▶ **PROBLEM TO WORK ON**
Please reproduce every record exactly as written, leaving out the pictures.

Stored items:

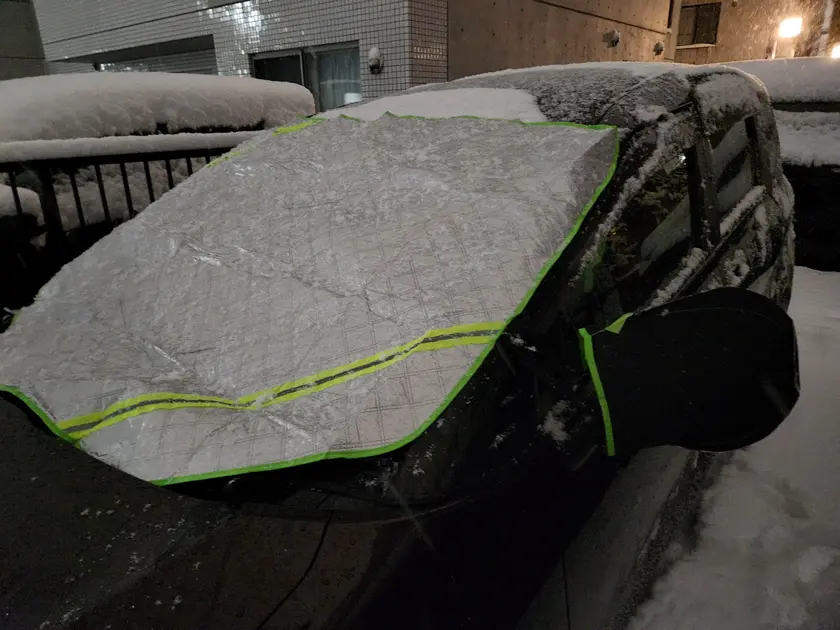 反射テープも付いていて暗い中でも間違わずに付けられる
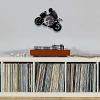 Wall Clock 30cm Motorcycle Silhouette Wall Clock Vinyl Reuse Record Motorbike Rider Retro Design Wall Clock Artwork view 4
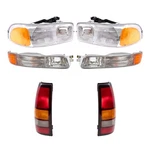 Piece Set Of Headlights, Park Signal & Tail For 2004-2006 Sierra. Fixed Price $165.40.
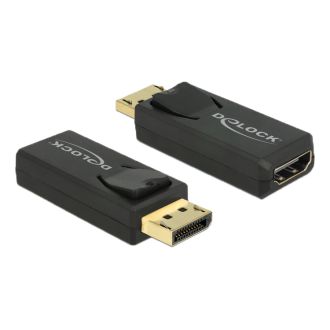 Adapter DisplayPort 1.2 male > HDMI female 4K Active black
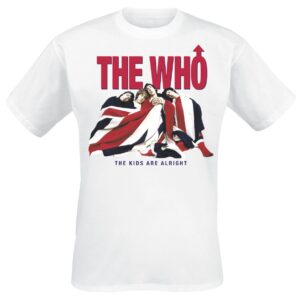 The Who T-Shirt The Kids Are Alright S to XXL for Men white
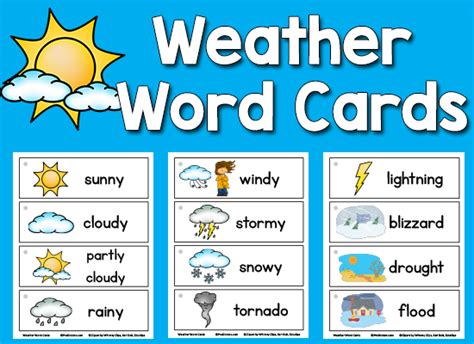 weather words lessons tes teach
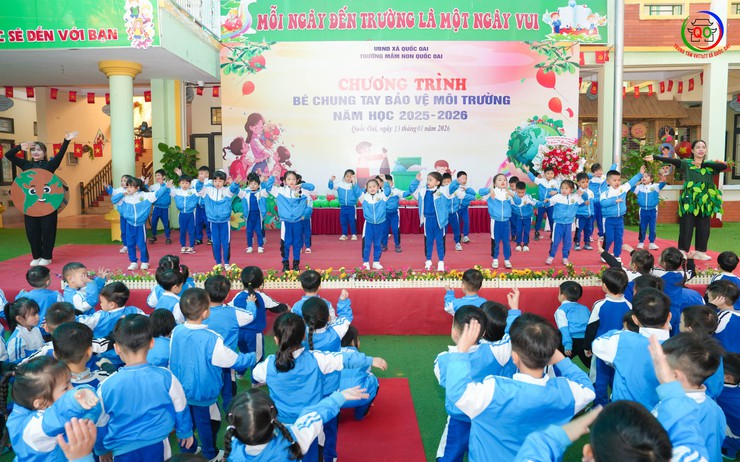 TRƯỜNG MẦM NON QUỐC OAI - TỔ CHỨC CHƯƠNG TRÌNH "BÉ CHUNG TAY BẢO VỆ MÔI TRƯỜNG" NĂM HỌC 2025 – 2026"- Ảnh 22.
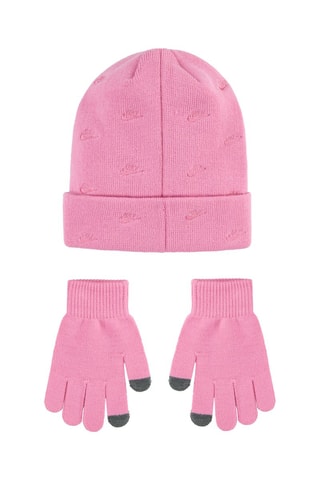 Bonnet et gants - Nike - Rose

▶ **OUTPUT**
 反射テープも付いていて暗い中でも間違わずに付けられる
 Wall Clock 30cm Motorcycle Silhouette Wall Clock Vinyl Reuse Record Motorbike Rider Retro Design Wall Clock Artwork view 4
 Piece Set Of Headlights, Park Signal & Tail For 2004-2006 Sierra. Fixed Price $165.40.
 Adapter DisplayPort 1.2 male > HDMI female 4K Active black
 The Who T-Shirt The Kids Are Alright S to XXL for Men white
 weather words lessons tes teach
 TRƯỜNG MẦM NON QUỐC OAI - TỔ CHỨC CHƯƠNG TRÌNH "BÉ CHUNG TAY BẢO VỆ MÔI TRƯỜNG" NĂM HỌC 2025 – 2026"- Ảnh 22.
 Bonnet et gants - Nike - Rose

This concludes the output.